Planete Console: la PlayStation 2 - Sortie - ISS
International Superstar Soccer

Sorti en même temps que la PlayStation 2 au Japon, cette version promotionnelle d'ISS a reçu un accueil plus que mitigé. Heureusement, Konami améliore toujours un produit avant une sortie européenne...

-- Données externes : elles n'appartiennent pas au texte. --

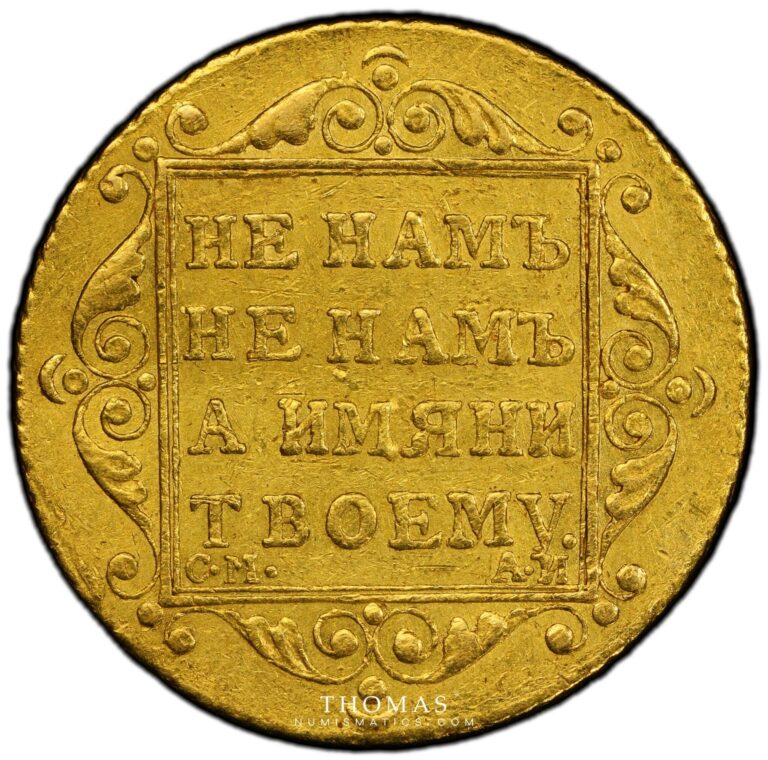 5 roubles or gold 1801 M PCGS AU 50 -2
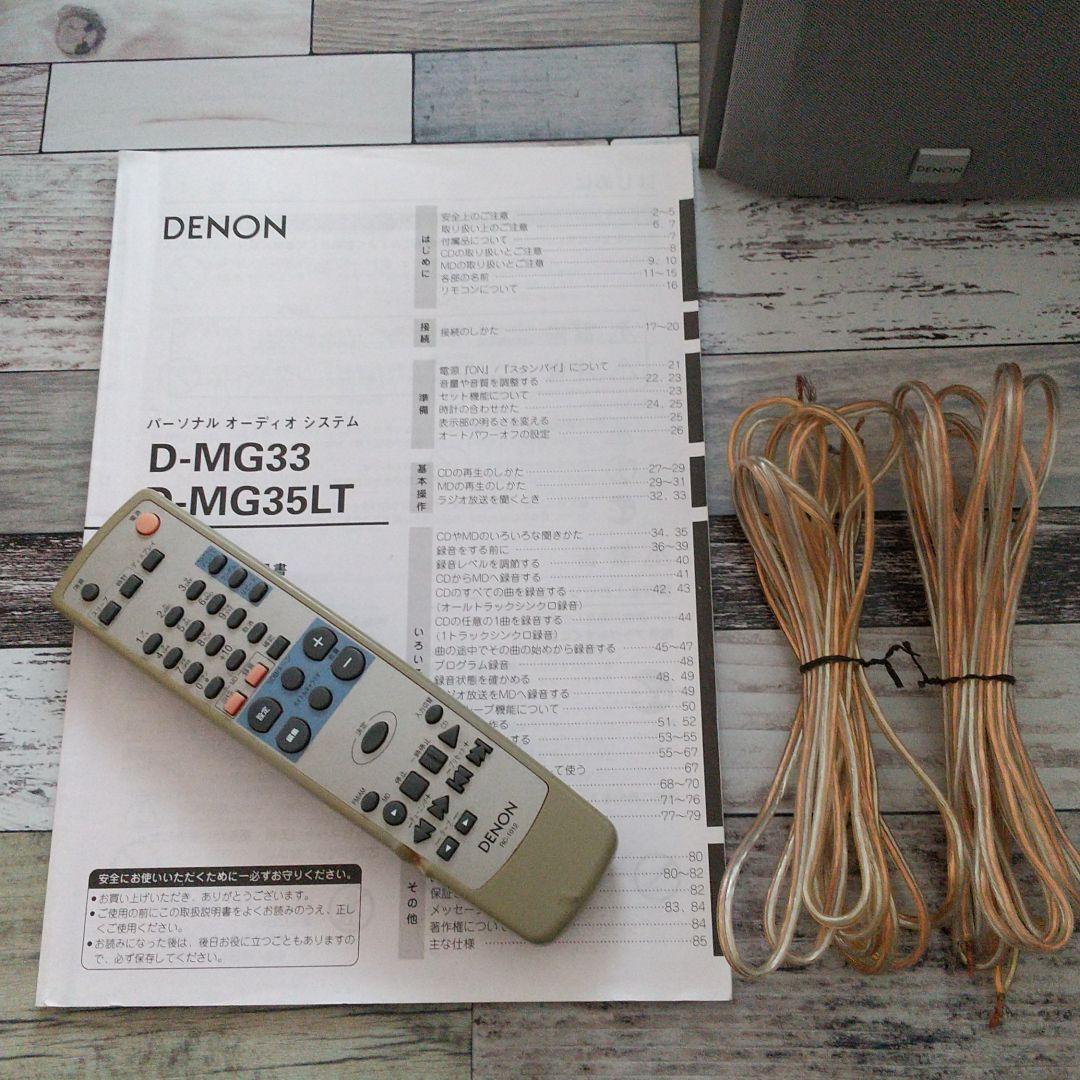 【動作確認済み】DENON ( D-MG33) CDプレーヤー MDプレーヤー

Il n'est plus nécessaire de présenter ISS. Et pourtant, grande surprise, cet ISS là a été développé par KCEO, responsable notamment des versions Nintendo, et non par KCET, qui se cantonne à la version PlayStation. Du coup, les fans du "camp Sony" risque d'être surpris.

Enfin la licence !
C'est officiel, ISS récupère la licence FIPRO qui lui permet d'insérer dans sa base de données les vrai noms des joueurs professionnels : Adieu Dugris, bonjour Dugary. Du coup les développeurs s'en sont donné à cœur joie : plus de 100 sélections nationales (il y a même l'Estonie !), et une cinquantaine d'équipe espoir ! De plus, vous pouvez modifier les équipes en intégrant un espoir dans une équipe nationale (ce sera bientôt l'heure de Luccin !). Enfin, vous pouvez créer vos propres joueurs ou modifier ceux existants. Cela offre une durée de vie conséquente, avec possibilité de mise à jour permanente.

Plein de modes
Vous serez comblés par l'existence de nombreux mode de jeux. En plus des simples matches, la Coupe mondiale, les différents tournois internationaux, les Jeux Olympiques avec les moins de 23 ans, et le mode Entraînement, vous retrouverez le mode Scénario, marque de fabrique des ISS style KCO, qui vous permettra de revivre les meilleurs moments de l'Euro 2000 : que ce serait-il passé si Raul n'avait pas raté son penalty face à Barthez ?
Cliquez pour agrandir Du coup, vous aurez l'impression de vous retrouver en face de votre bon vieil ISS Deluxe, 2e de la série, que vous aviez sur votre Super Nintendo : mêmes modes, même profusion d'options et de réglages.
Sur le terrain : ça se gâte...
Et ce pour trois raisons :
Le graphisme : splendide mais fade. Les joueurs ne sont pas reconnaissables. Dans ces conditions, quel est l'intérêt de la licence ? La puissance de la Play 2 ne permettrait-elle pas de distinguer Thierry Henri de Wiltord ? Comment se fait-il que Trézéguet ressemble à Olive dans Olive et Tom.

La maniabilité
A la limite du supportable. Les joueurs flottent sur le terrain, c'est rugueux au niveau de l'animation, et saccadé dans les courses. Evidemment, il existe une flopée de petits gestes agréables, mais trop lents. Le joueur devient pataud. La construction des attaques rapides s'avèrent plus contraignantes.
Cliquez pour agrandir Enfin, une latence impardonnable dans les touches fait que si vous appuyez frénétiquement, les joueurs se font la passe bien dix fois avant que vous ne repreniez le contrôle. Gênant lorsque le même bouton contrôle la passe et la récupération de la balle.
L'I.A. : lamentable !
Vos coéquipiers n'essayent pas de se rendre disponibles pour vous aider. L'attaquant ennemi fonce seul droit aux buts dès qu'il a la balle, où qu'il soit sur le terrain, et sans chercher à centrer ou faire des passes. Euh... le foot, ça se joue à 11 ?

Bref ISS est sorti trop vite pour offrir une ludothèque conséquente à la Play2 lors de son lancement. Il attirera sans aucun doute les "ISSiens" qui ne peuvent attendre la version de KCET, qui sortira en mars prochain.